À la mort de Robert Taylor (1714-1788), Soane lui succède à la Banque d’Angleterre. Trente années de travaux vont lui permettre de donner son caractère à ce vaste ensemble (détruit en 1925-1927). Dans ses façades, il exploite avec bonheur des thèmes connus ; ainsi, en 1804, « Tivoli », l’angle nord-est, est traité en « avancée circulaire ». Mais, pour les intérieurs, la nécessité d’un éclairage zénithal lui fournit le moyen d’obtenir des espaces solides et pleins, selon un purisme abstrait et inerte dont il usera en d’autres occasions avec une maîtrise sans égale.

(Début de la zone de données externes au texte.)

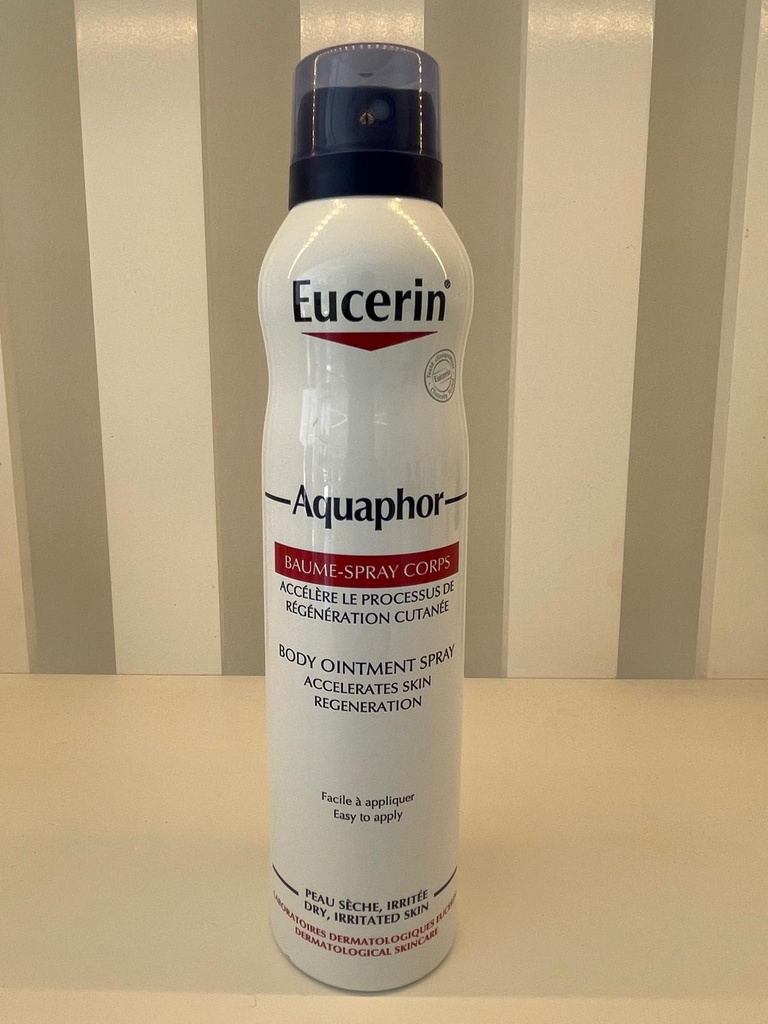 Eucerin Aquaphor Body Ointment Spray 250ml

Encore faut-il noter les influences : celle des Adam* (Pitshanger manor, à Ealing, en 1802, reprend la partie centrale de Kedleston hall) et celle de John Vanbrugh*, particulièrement nette à la galerie d’art du Dulwich college, près de Londres (1811-1814). Il en est d’autres plus diffuses, nées d’une recherche historique approfondie dans le cadre de l’enseignement confié en 1806 à Soane par la Royal Academy. Elles se traduisent par un primitivisme voulu, mais non dogmatique, car il emprunte autant aux Romains qu’à la Grèce. Apparaît aussi le goût du pittoresque dans une démarche gothicisante (bibliothèque du duc de Buckingham, à Stowe house [Buckingham], 1805), démarche commune aux contemporains, John Nash ou Robert Smirke (1781-1867).